The Board believes that Mr. Bashan’s extensive experience in United States public companies, his long-standing involvement with IR-Med Ltd. and his knowledge of our product candidates ideally situate him to serve on our Board.
Yaniv Cohen, age 43, co-founded IR. Med,. Ltd. in September 2013 and served as the R&D manager since then. Following the completion of the of IR. Med Ltd. by our company (the “Acquisition”), he was appointed to the Board. Mr. Cohen is an experienced electrical engineer with expertise in the fields of wave propagation and IR Spectroscopy for medical applications. Additionally, Mr. Cohen holds 4 patents in medical devices, co-authored eight articles in scientific journals as well as speaking in conferences around the globe. From 2010 to 2013, Mr. Cohen served as R&D manager for PIMS, an Israeli medical device company, focusing on IR imaging and spectral analysis for non-invasive cancer detection and identification. From 2008 to 2009, Mr. Cohen worked for Cisco as a system engineer. Prior to which, from 2006 to 2008, he worked as a service engineer for Intel Israel. Mr. Cohen is a Candidate of Sciences in the doctoral program, Informatics and Computer Engineering in the National Research University Higher School of Economics, School of Electronic Engineering Institute of Electronics and Mathematics (MIEM HSE), Moscow, Russia. Mr. Cohen holds a M.Sc. in Electrical Engineering from Holon Institute of Technology (2007).From 2009 to 2010, he attended the Ben-Gurion University of the Negev, Beer Sheva, Israel where he wrote a thesis in wave prorogation.
The Board believes that Mr. Cohen’s extensive knowledge and long-standing involvement of the Company and his extensive knowledge of relevant technologies qualify him to serve on our Board.

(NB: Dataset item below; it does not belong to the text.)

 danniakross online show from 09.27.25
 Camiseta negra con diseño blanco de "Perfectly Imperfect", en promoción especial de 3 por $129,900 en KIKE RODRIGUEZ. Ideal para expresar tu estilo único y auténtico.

Aharon Klein, age 59, co-founded Ir. Med, Ltd in September 2013 and served as director since then and Chief Operating Officer from September 2013 until the date of the Acquisition. Upon the Acquisition, he was appointed Chief Technology Officer in. Mr. Klein is a medical device and biotech expert, with a strong clinical background. Prior to founding the Company, from 2004 to 200,7 Mr. Klein co-founded and served as CEO of Fertiligent, a start-up company focused on innovative fertility treatments, which was acquired by a United Kingdom based investment group in 2008. From 2008 to 2013, immediately prior to co-founding the Company, he founded a medical device company developing infrared based diagnostic tools for diagnosing colon cancer insito without the need for biopsies (optical biopsies). Mr. Klein graduated from the Faculty of Engineering in the Technion Israel Institute of Technology. Mr. Klein is experienced in initiating and running medical device start-up companies, including development running clinical trials and regulatory affairs.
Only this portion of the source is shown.